Web page caption snippets
■ ■ ■ ■ ■
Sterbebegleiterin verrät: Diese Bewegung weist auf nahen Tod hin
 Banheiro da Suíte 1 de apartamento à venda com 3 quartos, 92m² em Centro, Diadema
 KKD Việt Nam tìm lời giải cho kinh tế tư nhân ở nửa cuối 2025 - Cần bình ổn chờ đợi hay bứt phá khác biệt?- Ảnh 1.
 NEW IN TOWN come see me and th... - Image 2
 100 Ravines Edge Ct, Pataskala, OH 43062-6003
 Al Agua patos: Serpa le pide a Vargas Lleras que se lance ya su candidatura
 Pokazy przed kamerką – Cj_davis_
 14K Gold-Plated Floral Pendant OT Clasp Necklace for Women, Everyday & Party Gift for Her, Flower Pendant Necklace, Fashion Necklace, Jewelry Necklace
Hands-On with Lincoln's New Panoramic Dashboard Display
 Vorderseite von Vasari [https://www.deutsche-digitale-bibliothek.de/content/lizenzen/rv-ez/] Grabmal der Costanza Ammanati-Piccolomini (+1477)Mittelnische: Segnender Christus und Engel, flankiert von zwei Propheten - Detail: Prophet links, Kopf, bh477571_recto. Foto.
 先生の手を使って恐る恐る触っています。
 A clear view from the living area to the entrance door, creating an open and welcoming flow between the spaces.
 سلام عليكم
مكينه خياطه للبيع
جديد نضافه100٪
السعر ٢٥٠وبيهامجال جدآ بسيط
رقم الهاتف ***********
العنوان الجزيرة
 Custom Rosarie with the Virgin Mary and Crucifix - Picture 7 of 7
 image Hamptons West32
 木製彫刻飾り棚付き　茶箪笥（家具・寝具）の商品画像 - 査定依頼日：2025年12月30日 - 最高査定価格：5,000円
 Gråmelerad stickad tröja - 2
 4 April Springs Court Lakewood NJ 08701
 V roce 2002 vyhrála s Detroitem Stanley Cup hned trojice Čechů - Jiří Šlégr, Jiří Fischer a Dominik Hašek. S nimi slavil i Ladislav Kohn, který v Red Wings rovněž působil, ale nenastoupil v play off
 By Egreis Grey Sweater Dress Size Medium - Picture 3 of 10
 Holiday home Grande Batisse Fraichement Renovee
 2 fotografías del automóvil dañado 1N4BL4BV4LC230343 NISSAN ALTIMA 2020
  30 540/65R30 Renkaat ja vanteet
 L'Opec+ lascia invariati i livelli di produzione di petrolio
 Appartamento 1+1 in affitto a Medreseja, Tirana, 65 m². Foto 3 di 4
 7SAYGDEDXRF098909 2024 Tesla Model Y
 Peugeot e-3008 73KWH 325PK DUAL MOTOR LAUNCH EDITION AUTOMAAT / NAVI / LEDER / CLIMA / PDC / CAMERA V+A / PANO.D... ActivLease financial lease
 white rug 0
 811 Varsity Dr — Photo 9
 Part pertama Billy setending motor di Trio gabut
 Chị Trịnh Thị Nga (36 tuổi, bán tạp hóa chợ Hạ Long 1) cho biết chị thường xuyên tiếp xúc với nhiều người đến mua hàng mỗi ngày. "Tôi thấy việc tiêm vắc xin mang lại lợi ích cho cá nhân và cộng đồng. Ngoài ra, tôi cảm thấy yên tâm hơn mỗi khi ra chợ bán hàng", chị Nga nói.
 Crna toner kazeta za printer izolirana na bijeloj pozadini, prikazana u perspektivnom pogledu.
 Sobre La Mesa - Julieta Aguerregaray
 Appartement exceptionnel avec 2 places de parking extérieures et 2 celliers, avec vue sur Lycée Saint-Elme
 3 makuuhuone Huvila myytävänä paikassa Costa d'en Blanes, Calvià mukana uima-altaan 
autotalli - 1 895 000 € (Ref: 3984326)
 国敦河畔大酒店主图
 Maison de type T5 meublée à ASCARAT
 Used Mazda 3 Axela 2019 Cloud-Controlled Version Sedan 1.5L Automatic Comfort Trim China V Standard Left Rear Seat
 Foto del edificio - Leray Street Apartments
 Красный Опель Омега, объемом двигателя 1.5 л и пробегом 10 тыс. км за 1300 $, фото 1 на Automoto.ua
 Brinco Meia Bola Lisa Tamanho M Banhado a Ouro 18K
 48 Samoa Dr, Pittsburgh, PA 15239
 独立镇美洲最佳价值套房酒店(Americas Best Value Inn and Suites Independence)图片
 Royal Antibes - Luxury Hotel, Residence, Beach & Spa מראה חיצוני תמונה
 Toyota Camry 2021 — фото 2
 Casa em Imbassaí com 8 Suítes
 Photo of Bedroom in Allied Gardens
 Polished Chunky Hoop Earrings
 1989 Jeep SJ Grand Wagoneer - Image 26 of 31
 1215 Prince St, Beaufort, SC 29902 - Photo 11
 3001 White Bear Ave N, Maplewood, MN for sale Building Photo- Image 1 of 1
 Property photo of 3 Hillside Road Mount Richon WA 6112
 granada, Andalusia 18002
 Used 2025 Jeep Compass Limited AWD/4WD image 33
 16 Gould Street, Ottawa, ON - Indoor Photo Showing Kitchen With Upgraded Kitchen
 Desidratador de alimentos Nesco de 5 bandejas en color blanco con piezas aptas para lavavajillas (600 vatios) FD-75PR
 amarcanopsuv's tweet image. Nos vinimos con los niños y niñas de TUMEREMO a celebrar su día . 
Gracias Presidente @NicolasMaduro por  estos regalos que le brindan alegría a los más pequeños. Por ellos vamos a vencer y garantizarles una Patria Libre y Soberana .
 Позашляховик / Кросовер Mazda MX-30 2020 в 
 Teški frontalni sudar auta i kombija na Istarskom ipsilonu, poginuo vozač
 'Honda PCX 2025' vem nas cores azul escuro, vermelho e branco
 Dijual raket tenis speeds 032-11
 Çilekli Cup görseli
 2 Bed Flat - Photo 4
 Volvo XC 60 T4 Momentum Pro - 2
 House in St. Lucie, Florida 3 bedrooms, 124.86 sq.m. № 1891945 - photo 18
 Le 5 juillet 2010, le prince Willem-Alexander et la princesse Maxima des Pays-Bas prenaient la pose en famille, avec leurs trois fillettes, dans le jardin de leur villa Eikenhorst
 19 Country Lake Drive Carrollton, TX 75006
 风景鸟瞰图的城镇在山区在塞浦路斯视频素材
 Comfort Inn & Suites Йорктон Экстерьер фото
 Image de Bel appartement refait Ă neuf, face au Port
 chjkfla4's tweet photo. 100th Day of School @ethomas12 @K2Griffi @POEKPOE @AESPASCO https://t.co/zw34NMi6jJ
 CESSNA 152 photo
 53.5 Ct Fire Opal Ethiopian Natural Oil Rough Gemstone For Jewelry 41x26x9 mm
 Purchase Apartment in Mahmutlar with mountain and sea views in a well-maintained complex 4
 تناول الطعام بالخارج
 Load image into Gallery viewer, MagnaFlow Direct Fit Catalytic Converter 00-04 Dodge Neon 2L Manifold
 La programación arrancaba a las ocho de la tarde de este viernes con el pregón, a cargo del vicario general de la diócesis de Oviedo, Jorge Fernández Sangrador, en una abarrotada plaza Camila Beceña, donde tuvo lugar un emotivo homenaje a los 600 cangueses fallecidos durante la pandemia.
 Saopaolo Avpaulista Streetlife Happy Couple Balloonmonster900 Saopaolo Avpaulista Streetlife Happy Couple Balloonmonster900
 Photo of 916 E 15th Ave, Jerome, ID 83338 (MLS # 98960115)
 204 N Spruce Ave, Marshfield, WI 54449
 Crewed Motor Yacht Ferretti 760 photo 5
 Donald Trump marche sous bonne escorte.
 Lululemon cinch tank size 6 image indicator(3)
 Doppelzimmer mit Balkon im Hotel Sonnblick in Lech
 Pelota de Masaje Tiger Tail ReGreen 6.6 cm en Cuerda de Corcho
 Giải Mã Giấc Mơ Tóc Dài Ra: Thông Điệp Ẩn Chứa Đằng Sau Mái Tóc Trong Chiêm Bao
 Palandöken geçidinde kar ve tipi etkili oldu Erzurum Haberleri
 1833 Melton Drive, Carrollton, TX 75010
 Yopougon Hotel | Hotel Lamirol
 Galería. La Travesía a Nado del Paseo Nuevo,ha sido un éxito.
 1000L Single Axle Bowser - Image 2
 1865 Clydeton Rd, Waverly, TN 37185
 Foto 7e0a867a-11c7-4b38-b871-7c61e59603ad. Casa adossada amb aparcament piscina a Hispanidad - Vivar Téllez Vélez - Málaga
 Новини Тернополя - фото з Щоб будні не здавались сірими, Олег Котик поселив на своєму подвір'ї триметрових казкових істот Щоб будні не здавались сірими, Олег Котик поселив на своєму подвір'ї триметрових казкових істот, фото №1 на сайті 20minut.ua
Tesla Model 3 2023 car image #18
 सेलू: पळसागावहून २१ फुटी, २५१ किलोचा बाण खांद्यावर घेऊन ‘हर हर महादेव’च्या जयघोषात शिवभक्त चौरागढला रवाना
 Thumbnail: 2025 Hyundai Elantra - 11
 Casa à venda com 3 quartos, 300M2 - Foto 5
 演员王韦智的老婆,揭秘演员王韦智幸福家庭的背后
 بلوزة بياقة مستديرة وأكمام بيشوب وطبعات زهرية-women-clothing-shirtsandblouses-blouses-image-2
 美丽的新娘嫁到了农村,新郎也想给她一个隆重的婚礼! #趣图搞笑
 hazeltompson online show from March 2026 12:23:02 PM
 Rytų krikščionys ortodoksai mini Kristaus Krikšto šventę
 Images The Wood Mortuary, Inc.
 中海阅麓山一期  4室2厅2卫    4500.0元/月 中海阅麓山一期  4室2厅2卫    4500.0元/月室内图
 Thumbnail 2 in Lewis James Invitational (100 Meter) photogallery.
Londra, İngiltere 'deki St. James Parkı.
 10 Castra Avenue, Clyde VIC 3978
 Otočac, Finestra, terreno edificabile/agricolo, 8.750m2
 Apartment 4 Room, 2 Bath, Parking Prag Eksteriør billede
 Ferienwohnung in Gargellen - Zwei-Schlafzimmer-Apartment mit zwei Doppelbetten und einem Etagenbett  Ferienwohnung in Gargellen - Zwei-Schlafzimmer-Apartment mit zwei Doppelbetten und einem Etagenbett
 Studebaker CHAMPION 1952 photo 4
■ ■ ■ ■ ■
Problem to work on: Answer with one number only: how many lines in the data contain the word "Suites"?

Task result: 2